The great adventure begins, a bucket list item to be ticked off. The next four weeks consists of two weeks sailing in beautiful Croatia followed by ten days in a small Italian village as a base for exploring Tuscany. Two other couples are joining us for the sailing and Mario and Helen will go on to Italy with us. Alex and Lucy will return to Germany, where they are currently visiting a new grandchild.
We caught up with Mario and Helen at Perth airport check-in and did the usual parade through security, immigration etc before settling in to wait for boarding our Qatar Airways flight to Doha. The flight left at 10:50pm and landed in Doha at 5:15am. Because the plane was basically chasing the sun, it was 11 hours of night time starting in the middle of the night. It is weird to be served a dinner meal at midnight. It was the usual watch a movie, try to sleep, go to the loo, watch a movie, …. routine but the flight was pretty good overall. The plane was a giant two deck A380 and we were impressed with the standard.

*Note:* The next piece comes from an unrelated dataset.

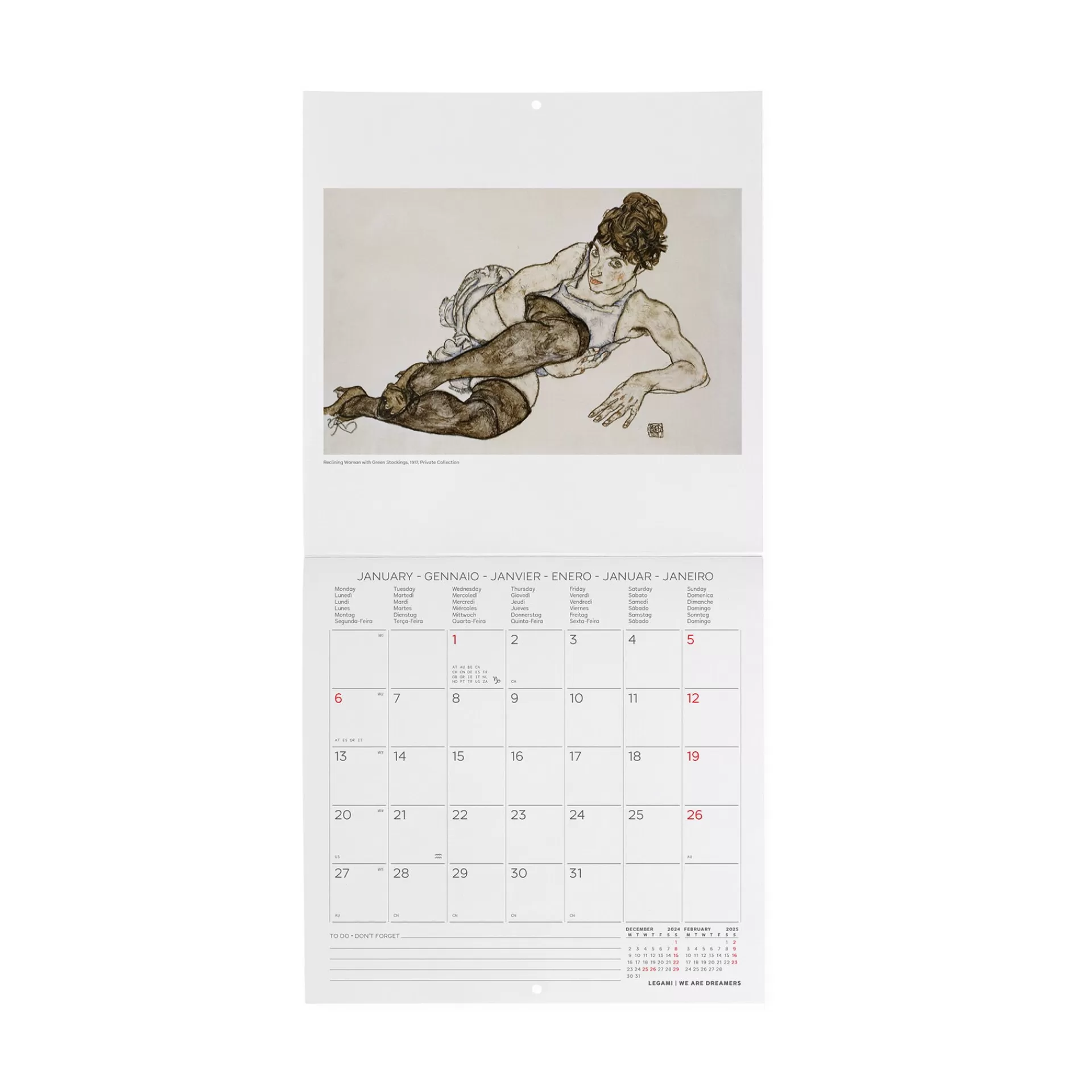 Legami Milano Calendario da Parete 2025 - 18 x 18 cm- Calendari Da Parete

Most of the three hours in Doha consisted of walking along endless corridors of duty free shops and paying an amazing $A8 for a coffee. There was not much to see outside apart from what appeared to be appalling smog. By 8am, the outside temperature was around 30 degrees with 41 forecast.

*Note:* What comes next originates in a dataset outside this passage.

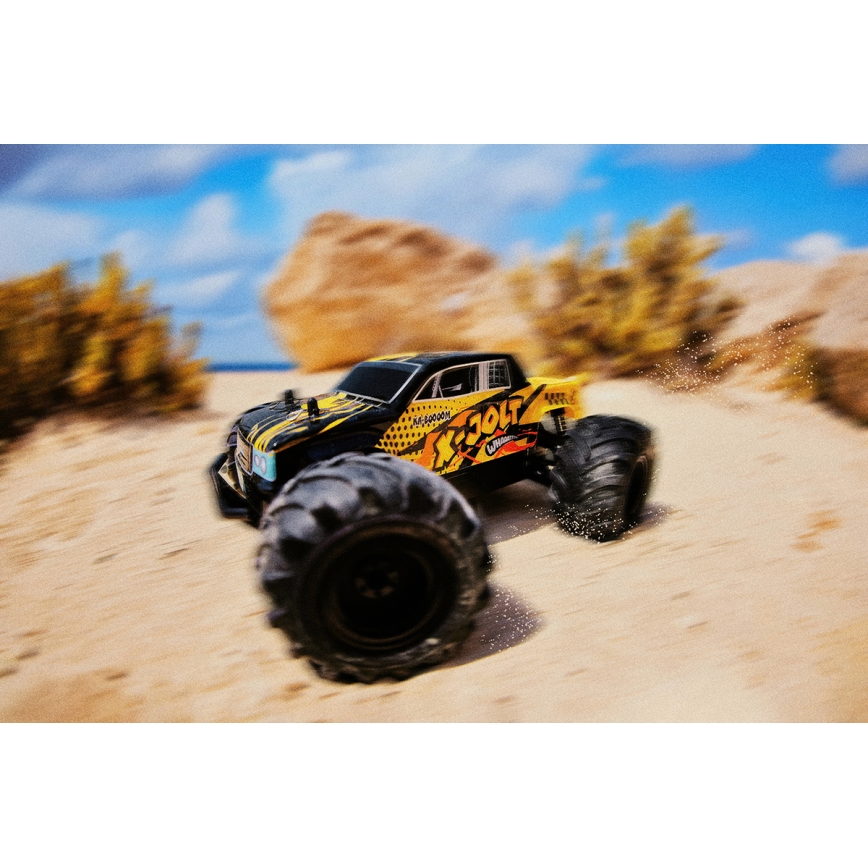 Overmax - fjernstyret RC-bil X-JOLT 1000 mAh sort/gul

We boarded the next leg of the journey onto a smaller A330 which promised a tad more legroom but not much more. The standard was much lower with terrible TV screens and cramped foot room. It was another 5 hours to Rome and by the time we exited the airport to find the shuttle bus to the Airport Mecure, we had had enough. We had just missed one shuttle and heavy traffic delayed the next so we had quite a wait before we were on our way to the little town of Fiumicino, bordering the edge of the airport to book into the Mecure Leonardo da Vinci for the night.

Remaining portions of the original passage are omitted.